Simulation of nonlinear Compton scattering from bound electrons

Recent investigations by Fuchs et al. [Matthias Fuchs, Mariano Trigo, Jian Chen, Shambhu Ghimire, Sharon Shwartz, Michael Kozina, Mason Jiang, Thomas Henighan, Crystal Bray, Georges Ndabashimiye et al., Anomalous nonlinear X-ray Compton scattering, Nat. Phys. 11, 964 (2015)] revealed an anomalous frequency shift in nonlinear Compton scattering of high-intensity x rays by electrons in solid beryllium. This frequency shift was at least 800 eV to the red of the values predicted by analytical free-electron models for the same process. In this paper, we describe a method for simulating nonlinear Compton scattering.

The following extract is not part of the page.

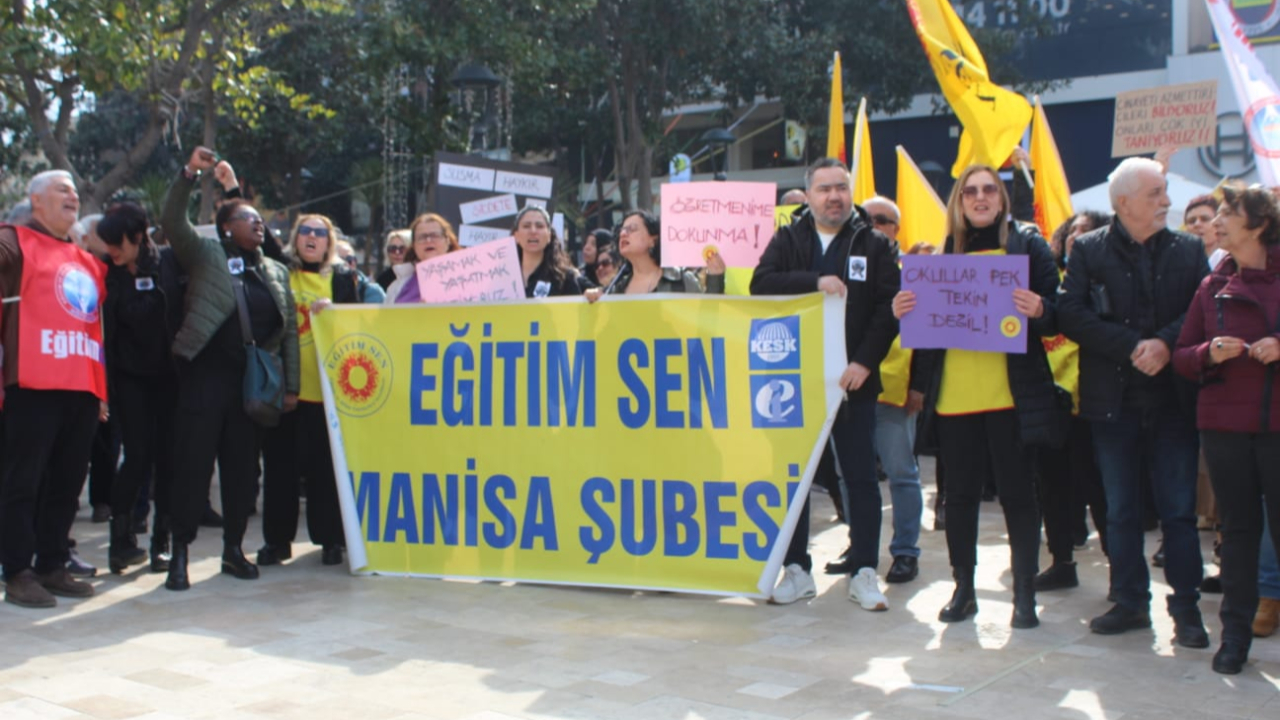 Manisa’da Eğitimciler Şiddete Karşı Tek Ses: Artık Yeter!
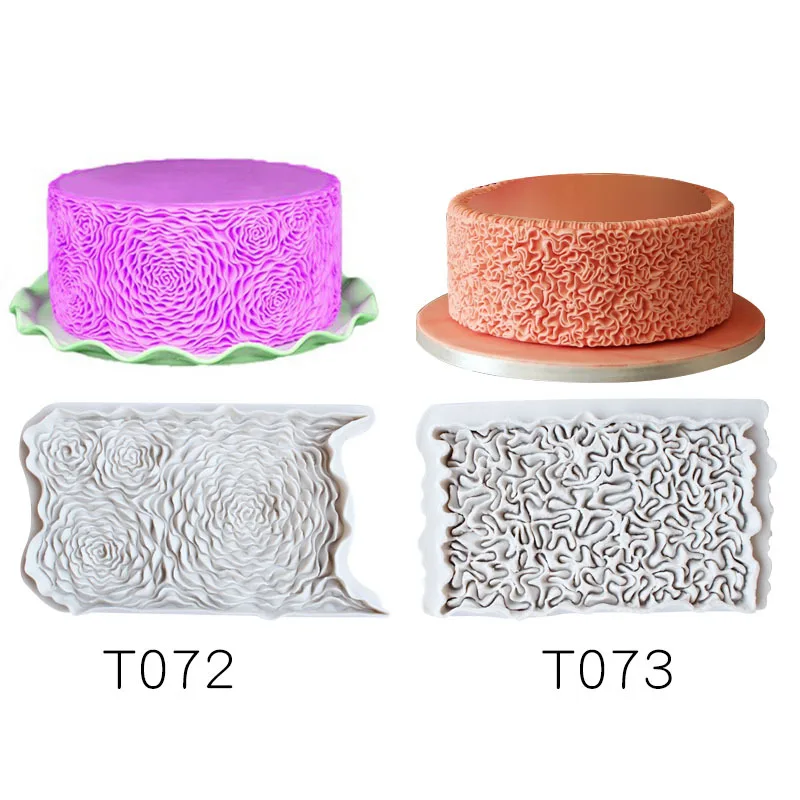 

3D Biscuits Embossed Pad Decorating Lace Mat Tool Silicone Molds Fondant Cake Decorating Tool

The method is applied to the case of bound electrons in a local, spherical potential to explore the role of binding energy in the frequency shift of scattered x rays for different scattered angles. The results of the calculation do not exhibit an additional redshift for the scattered x rays beyond the nonlinear Compton shift predicted by the free-electron model. However, they do reveal a small blueshift relative to the free-electron prediction for nonlinear Compton scattering. The effect of electron-electron correlation effects is calculated and determined to be unlikely to be the source of the redshift. The case of linear Compton scattering from a photoionized electron followed by electron recapture is examined as a possible source of the redshift and ruled out.